- **Exercise**
Reproduce the entries below exactly, but only from the line containing "colorful autumn tree" to the line containing "Тесто не в почете: 7", inclusive.

- **Data for processing**
*** Block opens ***

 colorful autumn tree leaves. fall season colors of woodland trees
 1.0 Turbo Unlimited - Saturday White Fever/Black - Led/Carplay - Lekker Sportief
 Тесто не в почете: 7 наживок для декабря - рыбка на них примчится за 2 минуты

*** Block closes ***
*** Block opens ***

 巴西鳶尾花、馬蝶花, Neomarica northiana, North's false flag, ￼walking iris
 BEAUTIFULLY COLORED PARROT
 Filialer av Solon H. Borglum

*** Block closes ***

- **Answer for this exercise**
 colorful autumn tree leaves. fall season colors of woodland trees
 1.0 Turbo Unlimited - Saturday White Fever/Black - Led/Carplay - Lekker Sportief
 Тесто не в почете: 7 наживок для декабря - рыбка на них примчится за 2 минуты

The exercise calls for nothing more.